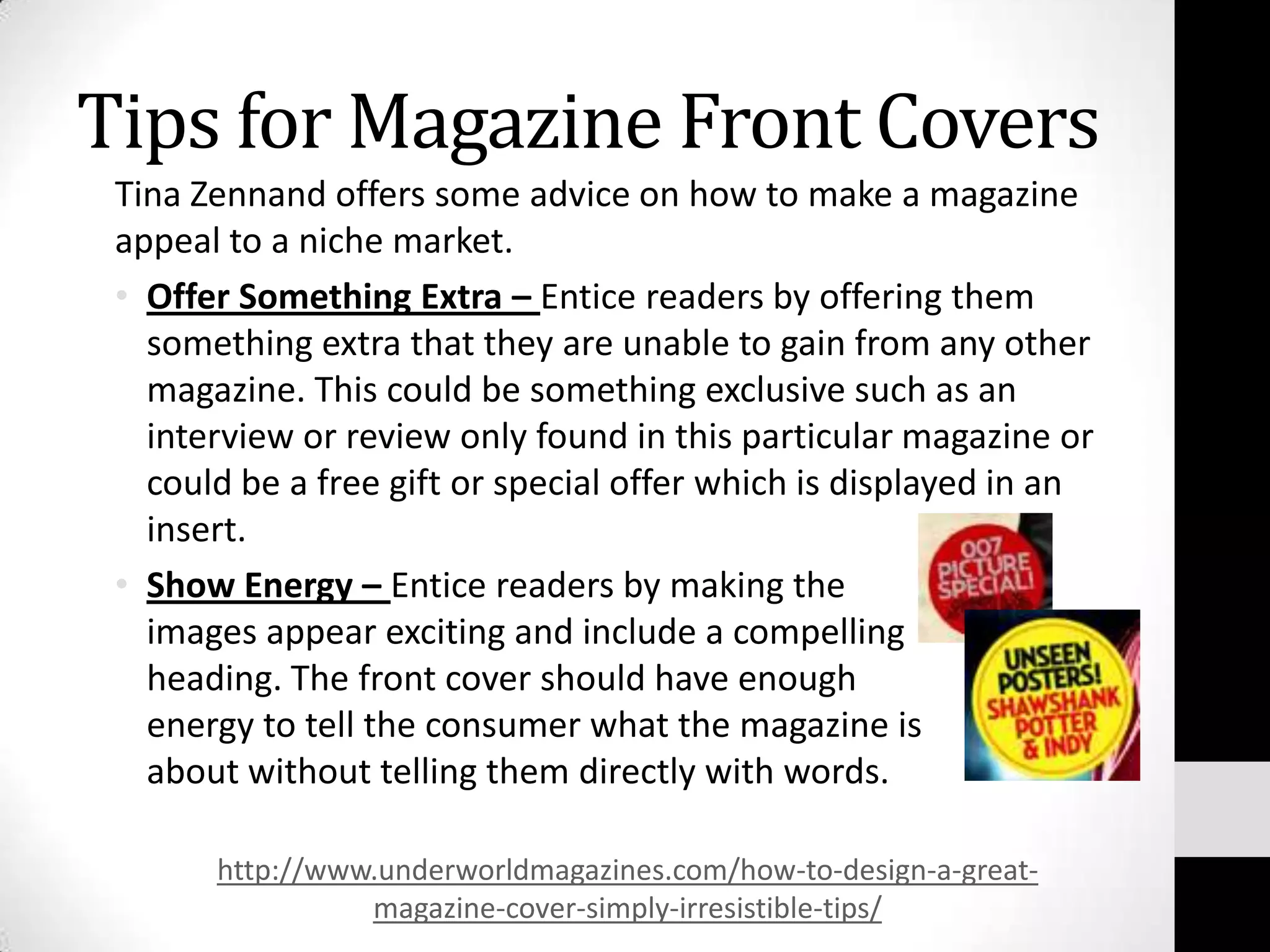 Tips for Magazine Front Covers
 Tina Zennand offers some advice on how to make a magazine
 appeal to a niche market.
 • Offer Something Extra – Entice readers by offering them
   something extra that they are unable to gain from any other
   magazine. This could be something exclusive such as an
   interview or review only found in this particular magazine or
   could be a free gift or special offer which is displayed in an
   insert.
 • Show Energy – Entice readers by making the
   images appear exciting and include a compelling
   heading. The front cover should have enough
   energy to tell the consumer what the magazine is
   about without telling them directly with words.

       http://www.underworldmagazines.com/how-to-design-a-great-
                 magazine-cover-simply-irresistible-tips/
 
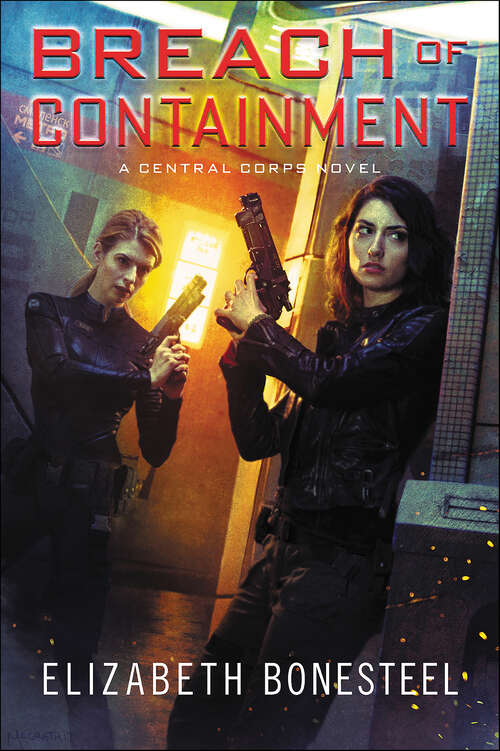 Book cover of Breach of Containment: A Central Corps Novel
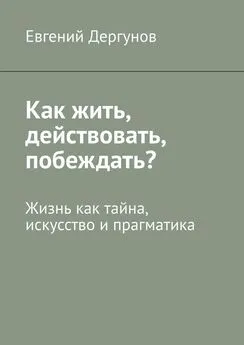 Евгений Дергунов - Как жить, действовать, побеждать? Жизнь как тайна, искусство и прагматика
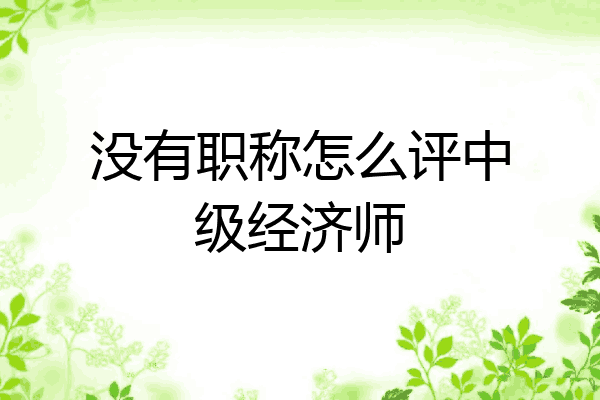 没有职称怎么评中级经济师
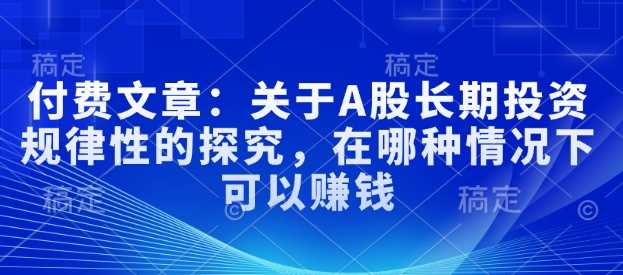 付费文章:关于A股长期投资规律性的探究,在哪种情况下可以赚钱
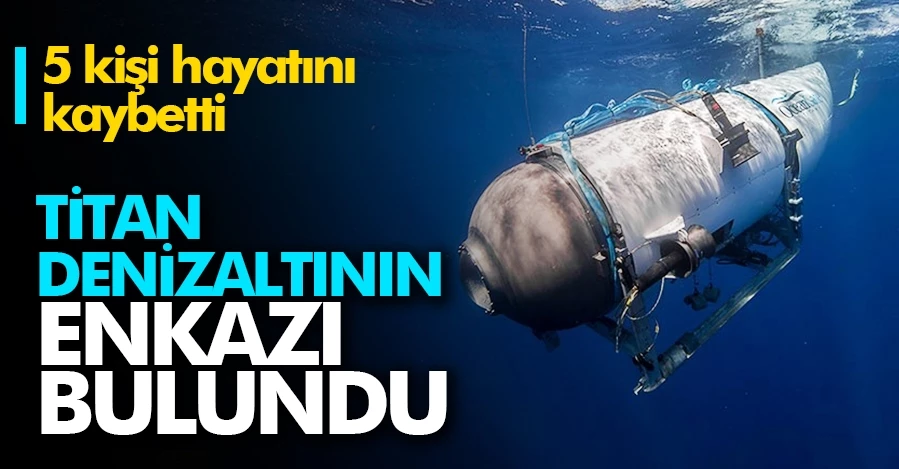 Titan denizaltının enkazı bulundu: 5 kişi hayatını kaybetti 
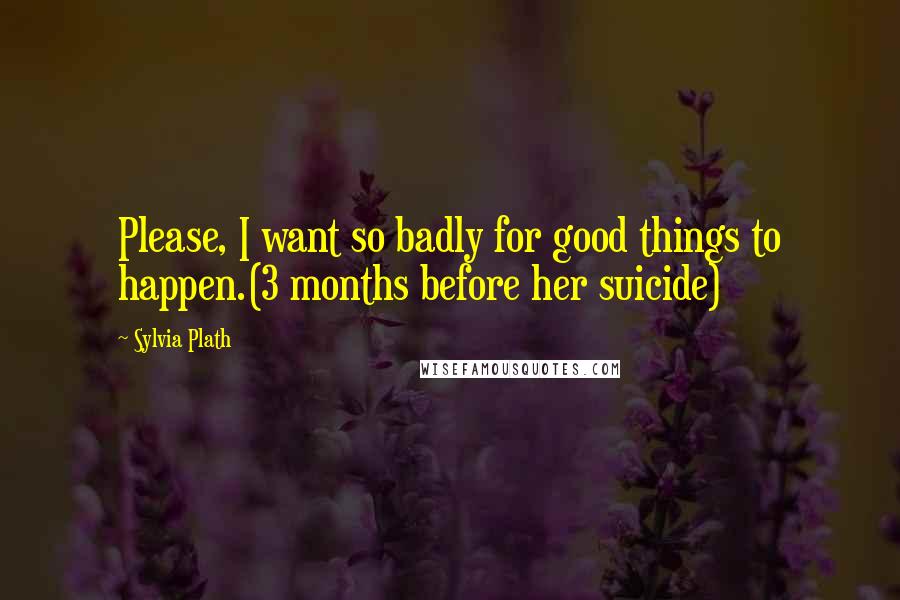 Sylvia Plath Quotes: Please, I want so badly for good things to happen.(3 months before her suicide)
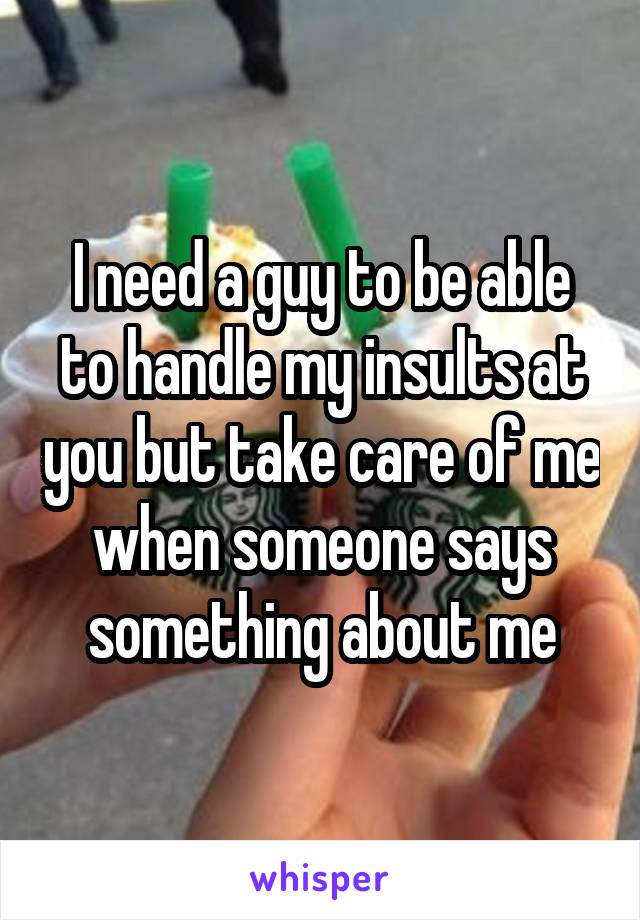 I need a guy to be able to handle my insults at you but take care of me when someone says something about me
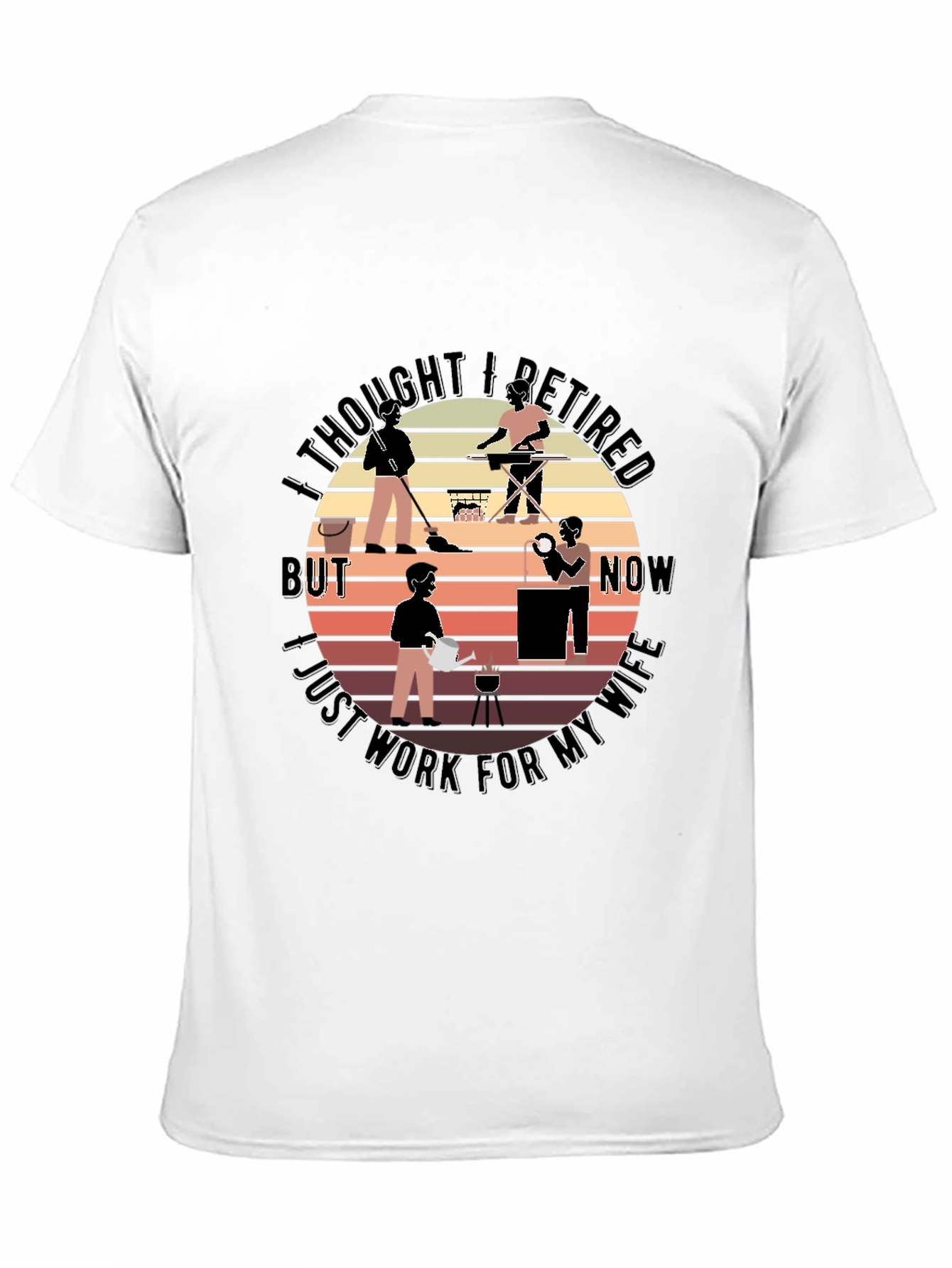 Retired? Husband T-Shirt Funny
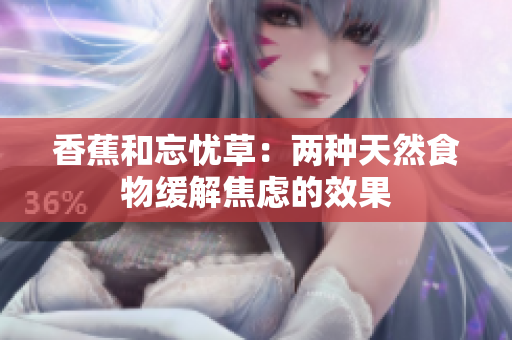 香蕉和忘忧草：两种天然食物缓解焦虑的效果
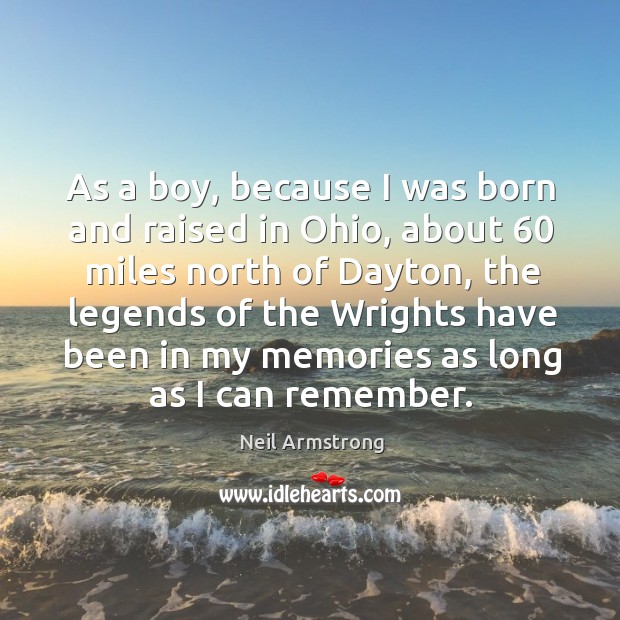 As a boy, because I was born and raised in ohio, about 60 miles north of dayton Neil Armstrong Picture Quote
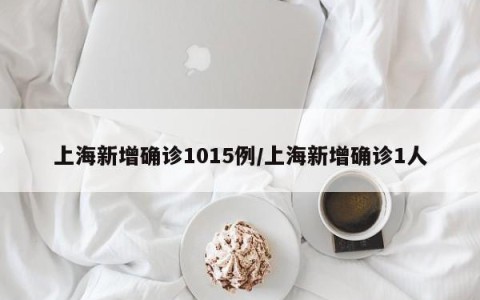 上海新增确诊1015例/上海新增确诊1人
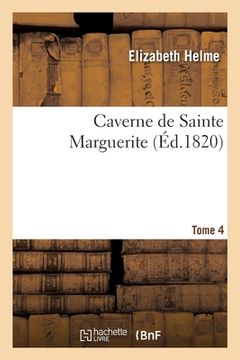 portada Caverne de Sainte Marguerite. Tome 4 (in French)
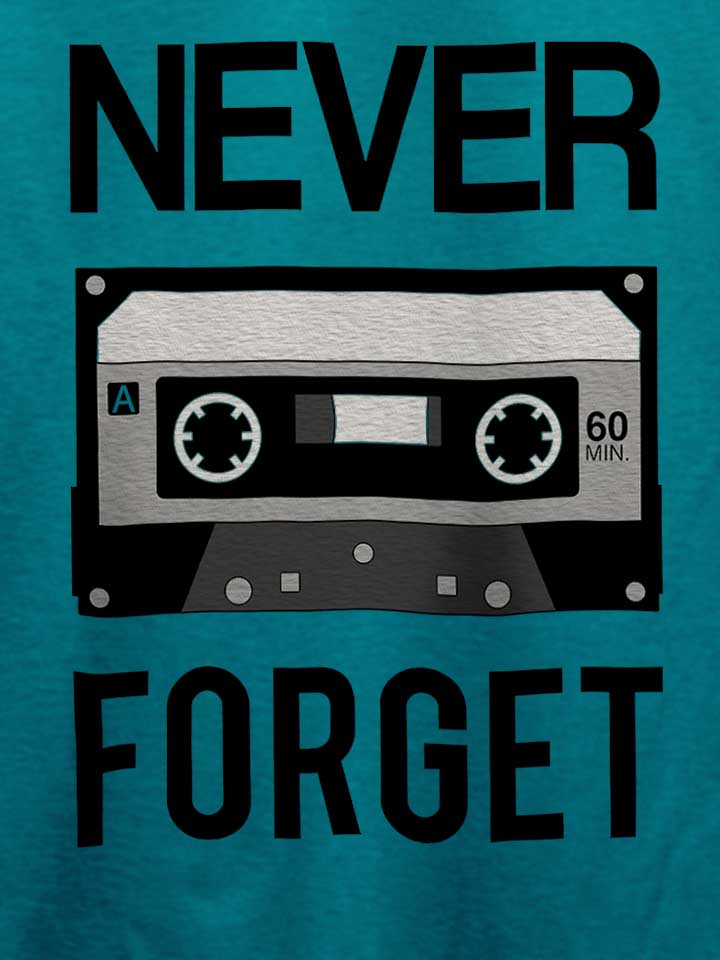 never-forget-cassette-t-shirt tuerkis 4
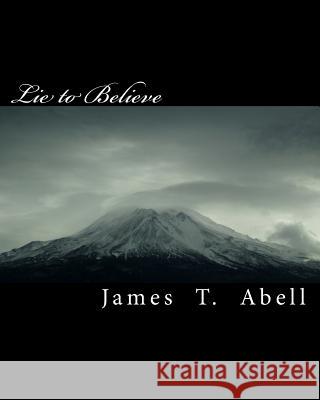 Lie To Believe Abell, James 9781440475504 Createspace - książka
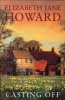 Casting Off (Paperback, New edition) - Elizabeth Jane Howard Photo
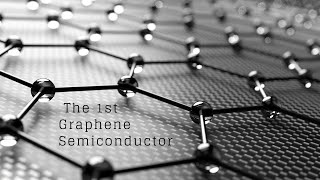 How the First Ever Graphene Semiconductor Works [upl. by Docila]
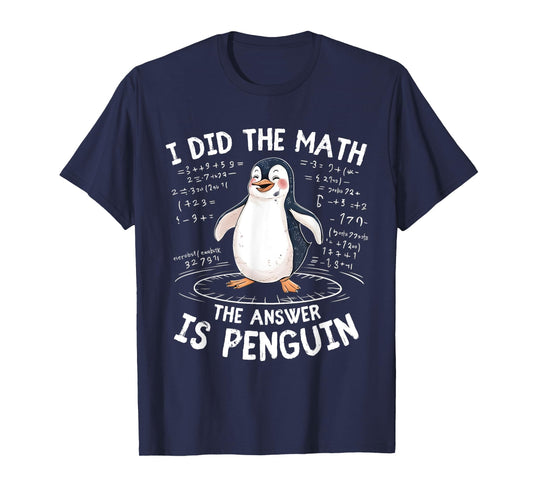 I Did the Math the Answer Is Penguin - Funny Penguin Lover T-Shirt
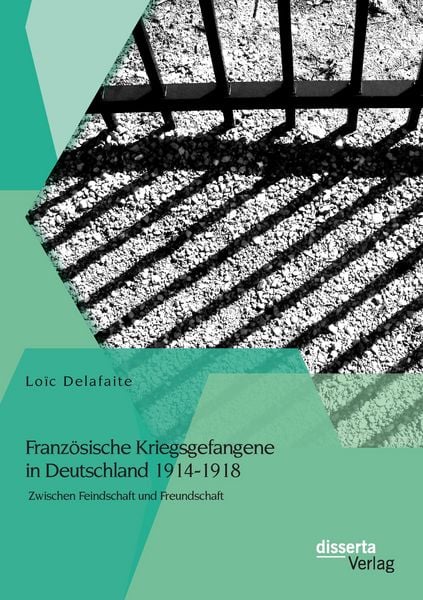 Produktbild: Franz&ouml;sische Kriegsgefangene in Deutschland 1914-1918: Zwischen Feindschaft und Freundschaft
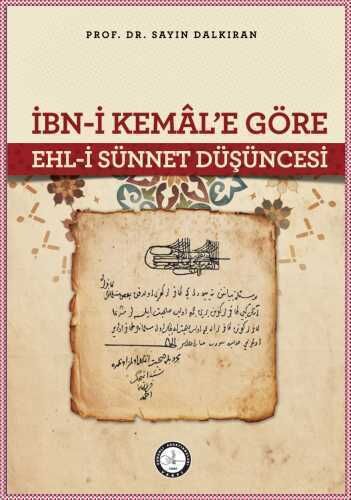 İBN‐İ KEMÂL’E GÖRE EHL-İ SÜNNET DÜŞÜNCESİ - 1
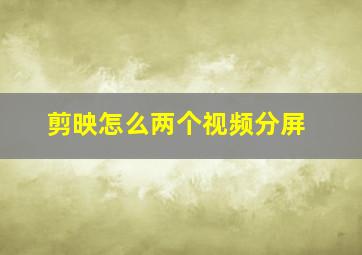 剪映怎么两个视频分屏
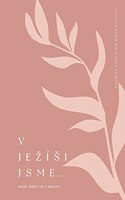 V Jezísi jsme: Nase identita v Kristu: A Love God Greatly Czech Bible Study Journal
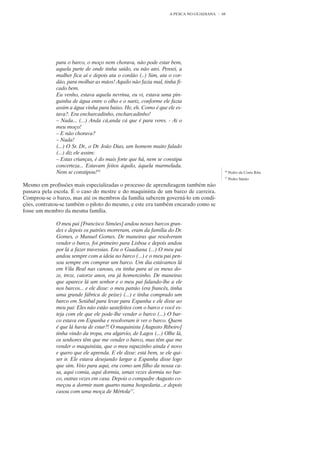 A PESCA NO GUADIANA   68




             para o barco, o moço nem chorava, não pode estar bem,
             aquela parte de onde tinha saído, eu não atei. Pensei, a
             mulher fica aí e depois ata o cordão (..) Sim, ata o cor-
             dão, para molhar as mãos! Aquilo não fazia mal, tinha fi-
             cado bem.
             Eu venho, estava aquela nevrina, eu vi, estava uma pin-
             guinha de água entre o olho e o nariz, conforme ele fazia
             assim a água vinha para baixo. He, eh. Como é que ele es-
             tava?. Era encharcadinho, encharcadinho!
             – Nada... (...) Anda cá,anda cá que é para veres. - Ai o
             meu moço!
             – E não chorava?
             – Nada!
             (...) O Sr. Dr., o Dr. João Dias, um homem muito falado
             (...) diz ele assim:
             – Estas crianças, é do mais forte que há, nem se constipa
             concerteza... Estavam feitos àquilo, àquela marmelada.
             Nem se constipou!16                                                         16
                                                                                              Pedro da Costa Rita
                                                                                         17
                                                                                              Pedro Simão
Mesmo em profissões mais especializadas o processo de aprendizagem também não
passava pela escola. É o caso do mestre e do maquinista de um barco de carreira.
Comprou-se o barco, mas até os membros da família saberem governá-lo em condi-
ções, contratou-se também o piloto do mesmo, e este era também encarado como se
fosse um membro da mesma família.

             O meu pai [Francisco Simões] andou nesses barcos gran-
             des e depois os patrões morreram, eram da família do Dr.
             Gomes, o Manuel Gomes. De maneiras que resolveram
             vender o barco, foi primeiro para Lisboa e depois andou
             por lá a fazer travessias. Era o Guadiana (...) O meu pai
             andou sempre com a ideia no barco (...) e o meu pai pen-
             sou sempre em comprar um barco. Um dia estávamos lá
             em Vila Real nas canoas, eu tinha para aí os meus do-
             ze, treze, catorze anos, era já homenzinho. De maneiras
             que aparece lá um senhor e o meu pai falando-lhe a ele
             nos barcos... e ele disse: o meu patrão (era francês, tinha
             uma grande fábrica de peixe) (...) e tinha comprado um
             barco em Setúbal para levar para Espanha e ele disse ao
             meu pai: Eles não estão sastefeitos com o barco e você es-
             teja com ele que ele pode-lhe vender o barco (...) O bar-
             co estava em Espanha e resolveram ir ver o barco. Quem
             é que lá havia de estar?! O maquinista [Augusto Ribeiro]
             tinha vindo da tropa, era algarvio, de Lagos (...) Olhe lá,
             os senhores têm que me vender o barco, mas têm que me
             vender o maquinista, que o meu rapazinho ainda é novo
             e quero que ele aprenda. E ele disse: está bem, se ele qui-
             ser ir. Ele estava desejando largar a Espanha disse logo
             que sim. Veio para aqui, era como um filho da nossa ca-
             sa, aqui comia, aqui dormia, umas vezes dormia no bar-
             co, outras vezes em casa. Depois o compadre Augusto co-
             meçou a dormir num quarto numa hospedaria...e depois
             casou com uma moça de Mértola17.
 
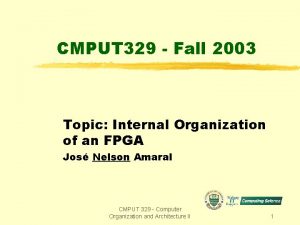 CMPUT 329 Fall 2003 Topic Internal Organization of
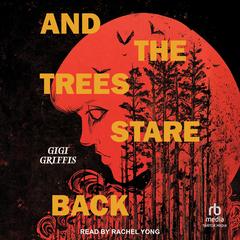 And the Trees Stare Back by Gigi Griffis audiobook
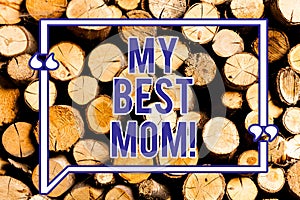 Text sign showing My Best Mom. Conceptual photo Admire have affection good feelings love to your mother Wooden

=======

→ **What you have to do**:
Using the data above, which lines fall from the one with "Casting Off (Paperback, New" through the one with "A PESCA NO GUADIANA"? Repeat them exactly, ends included, minus any pictures.

→ **Written response**:
 Casting Off (Paperback, New edition) - Elizabeth Jane Howard Photo
 How the First Ever Graphene Semiconductor Works [upl. by Docila]
 I Did the Math the Answer Is Penguin - Funny Penguin Lover T-Shirt
 Produktbild: Franz&ouml;sische Kriegsgefangene in Deutschland 1914-1918: Zwischen Feindschaft und Freundschaft
 İBN‐İ KEMÂL’E GÖRE EHL-İ SÜNNET DÜŞÜNCESİ - 1
 剪映怎么两个视频分屏
 V Jezísi jsme: Nase identita v Kristu: A Love God Greatly Czech Bible Study Journal
 A PESCA NO GUADIANA   68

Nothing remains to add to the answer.